La loi qu’on vous oppose n’apparaît, à cette lumière, que comme un simulacre. Elle a pu être régulièrement adoptée par les institutions compétentes. Elle ne mérite pourtant pas le nom de loi :
- parce qu’elle n’est pas conforme aux lois non écrites qui sont dans le cœur de l’homme,
- parce qu’elle est étrangère à nos traditions ancestrales,
- parce qu’elle n’est pas conforme à la nature humaine, à l’ordre naturel du monde, à la raison.

Dans le texte même du Criton, ce dialogue où il défendait le principe de la soumission inconditionnelle aux lois, même injustement appliquées, Platon indiquait que le respect du droit naturel de la famille était le fondement du lien de sujétion qui nous rattache aux Etats dans lesquels nous vivons. Donnant un instant la parole aux lois, dans une prosopopée célèbre, il imaginait ce dialogue entre ces lois personnifiées et Socrate : « Qu’as-tu à nous reprocher, à nous et à l’État ? lui demandaient-elles. N’est-ce pas à nous que tu dois la vie, et n’est-ce pas sous nos auspices que ton père a épousé ta mère et t’a engendré ? Parle donc ! As-tu quelque chose à redire à celles d’entre nous qui règlent les mariages ? Les trouves-tu mauvaises ? »
C’est parce que les lois avaient permis aux citoyens de naître dans une famille naturelle et de recevoir leur éducation de leurs parents, proclamait-il, que ces citoyens devaient aux lois de l’Etat une complète soumission.

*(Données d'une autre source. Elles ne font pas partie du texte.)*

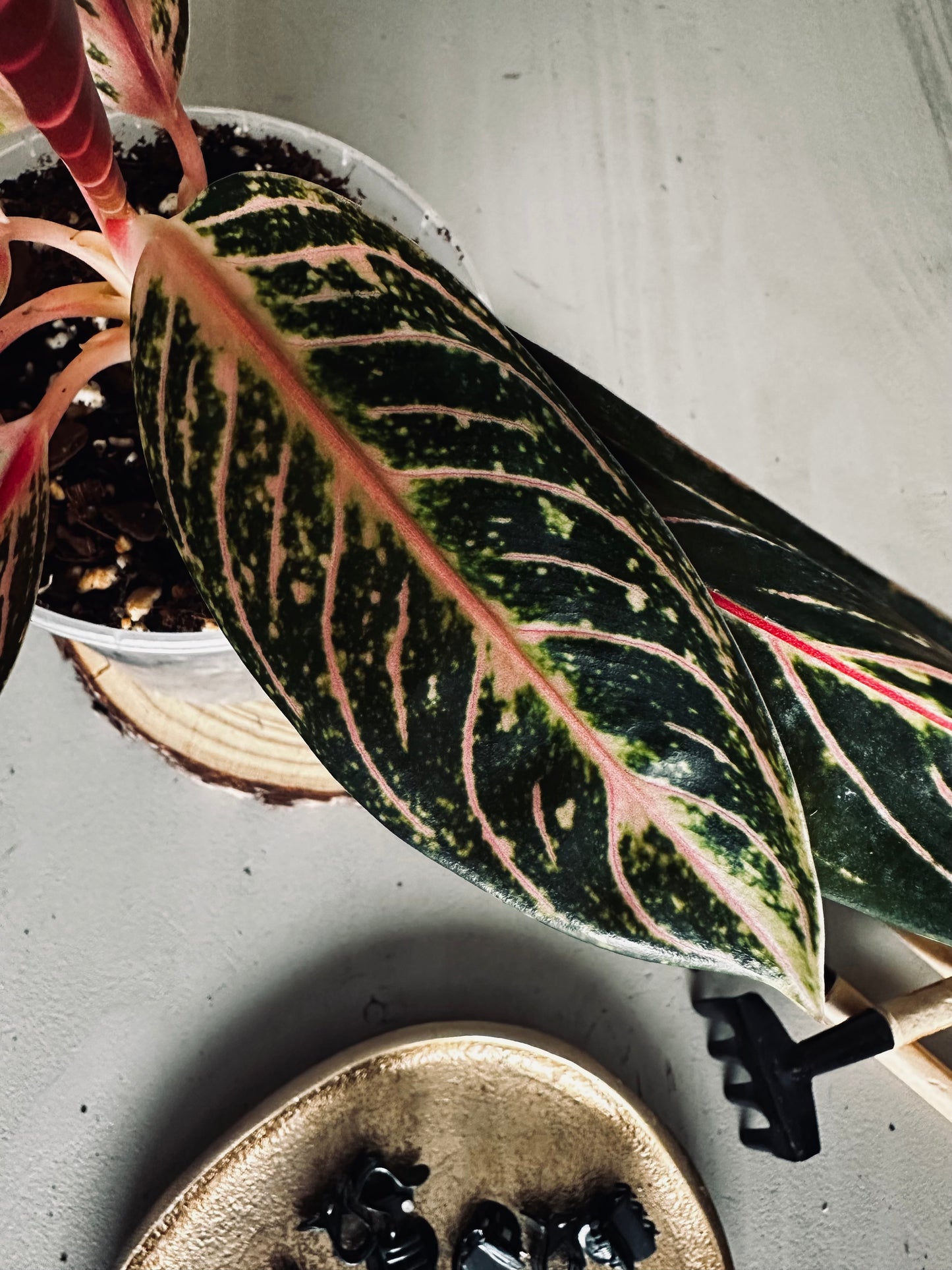 Aglaonema 'Pride of Sumatra' - 12cm Pot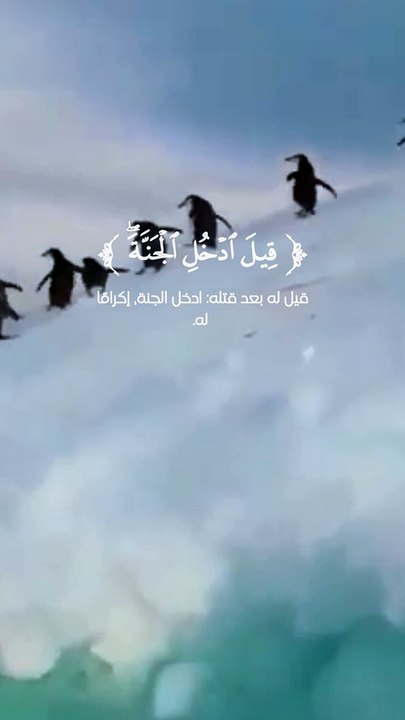 سورة يس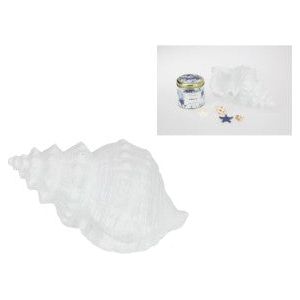 Spiral Cone Shell Decor - White - Dollars and Sense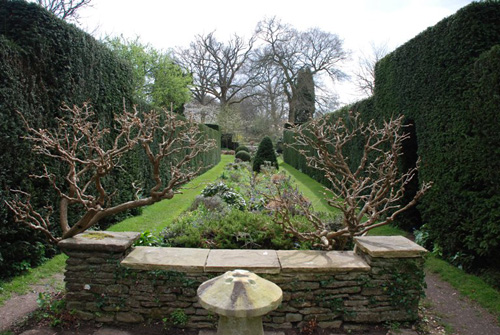 杰基爾 花園 藝術(shù)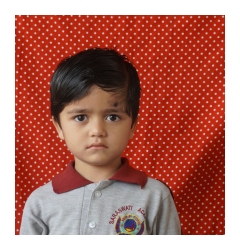 Photo Gallery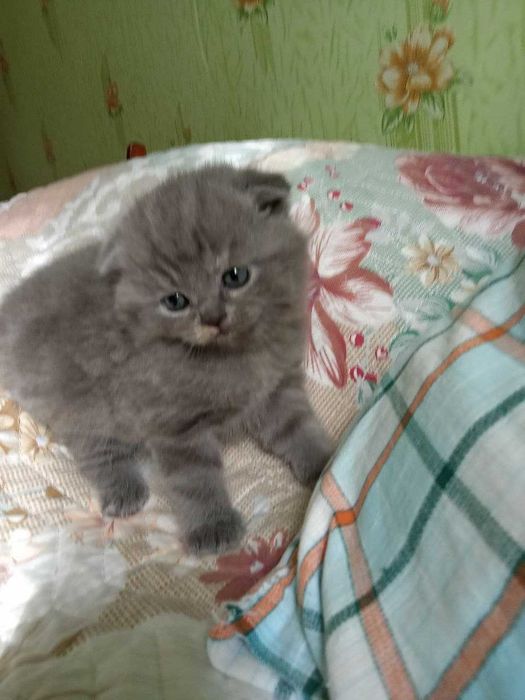 Котята Шотландской вислоухой
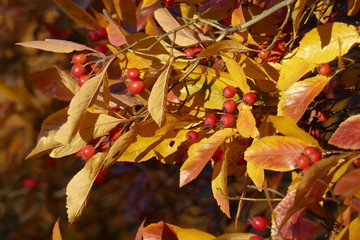 Weidenblättrige Zwergmispel (Cotoneaster salicifolius flococcus), Zweige mit roten Früchten im...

C’était admettre, a contrario que des lois bafouant le caractère naturel du mariage et le droit des enfants à recevoir leur éducation de leurs parents ne mériteraient, en revanche, aucune obéissance.

Héritière de la pensée classique, l’Église s’est inscrite dans ce sillage. Elle l’a proclamé par la bouche de saint Thomas d’Aquin : « Toute loi portée par les hommes n’a raison de loi que dans la mesure où elle découle de la loi naturelle. Si elle dévie en quelque point de la loi naturelle, ce n’est plus alors une loi, mais une corruption de la loi. »
Jean-Paul II renchérit en parlant, sur le même sujet d’une « tragique apparence de loi » à laquelle toute conscience éclairée se doit de faire objection.

S’opposer à la loi Taubira était un devoir. Exiger son abrogation en est un autre. L’une et l’autre attitude relèvent en effet de la véritable obéissance aux lois : aux lois non écrites qui sont inscrites dans le cœur de l’homme, à la loi naturelle et à l’ordre du monde, tels qu’ils sont connaissables par la droite raison. C’est en restant fidèle à ces lois, comme vous le faites ici ce soir, que vous continuerez à n’être esclaves ni sujets de personne, que vous continuerez d’être libres.